• Task description:
With pictures left out, set down exactly the lines that begin at the one containing "Used 2002 Ford" and end with the last line of the entries below.

Short web captions

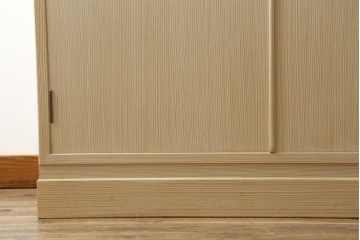 中古　伝統工芸士　水科政治作　柔らかな木の色味が魅力的な加茂総桐箪笥(胴厚、総桐たんす、衣装箪笥、着物箪笥、和タンス、引き出し)(R-078358)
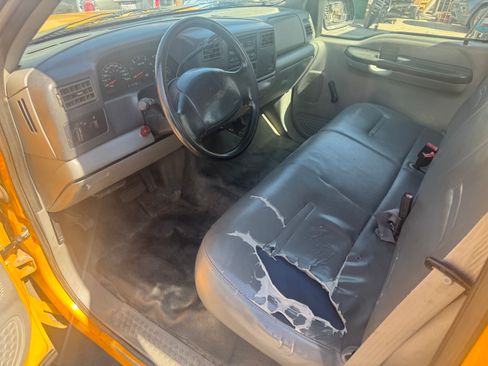 Used 2002 Ford F350 2WD Crew Cab Super Duty image 10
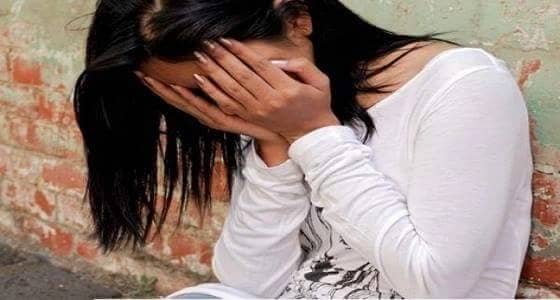 فتاة تلجأ لحيلة مثيرة لتمنع صديقها من نشر صورها الفاضحة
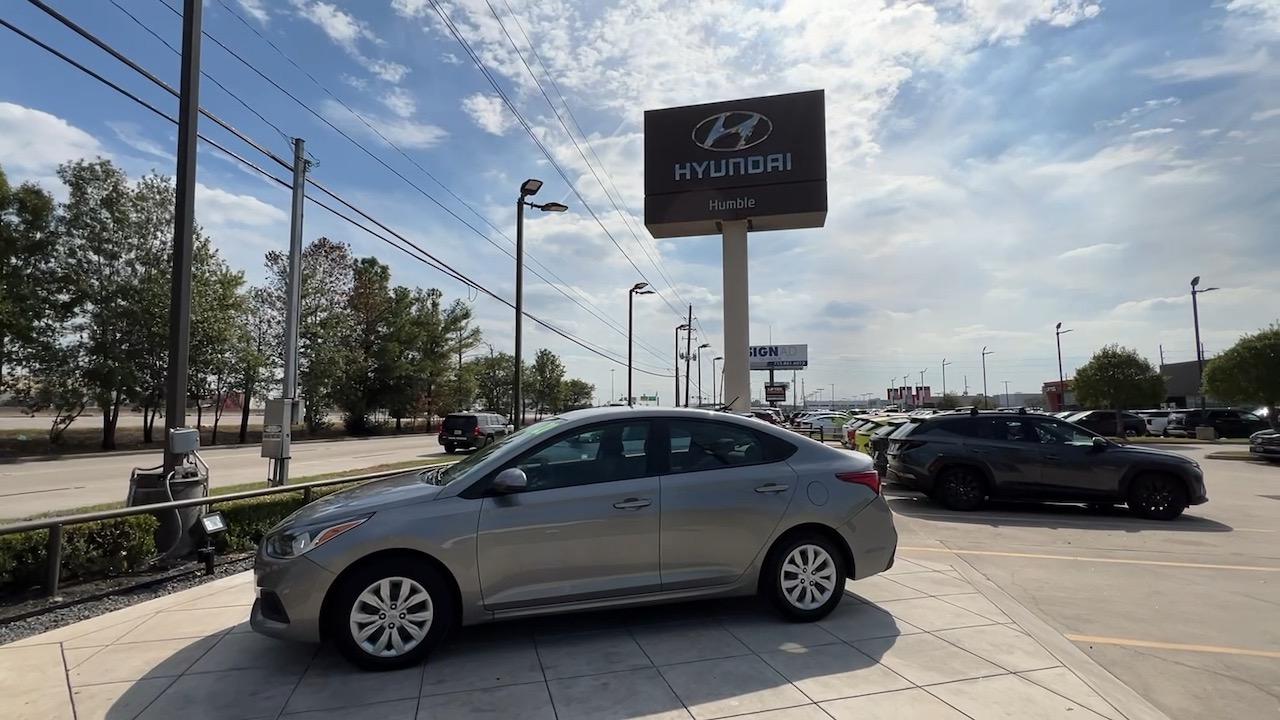 2021 Hyundai Accent SE 3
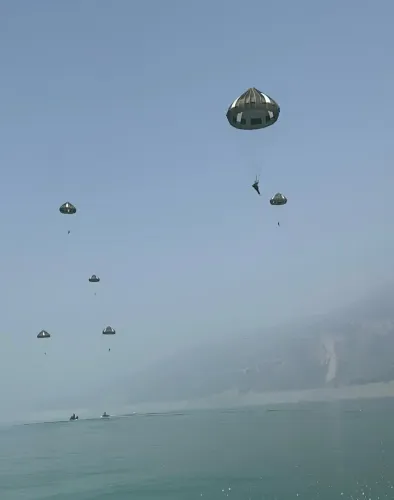 टिहरी बांध में सेना के जवानों ने पैरा जंपिंग का अद्वितीय प्रशिक्षण किया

• Problem solution:
 Used 2002 Ford F350 2WD Crew Cab Super Duty image 10
 فتاة تلجأ لحيلة مثيرة لتمنع صديقها من نشر صورها الفاضحة
 2021 Hyundai Accent SE 3
 टिहरी बांध में सेना के जवानों ने पैरा जंपिंग का अद्वितीय प्रशिक्षण किया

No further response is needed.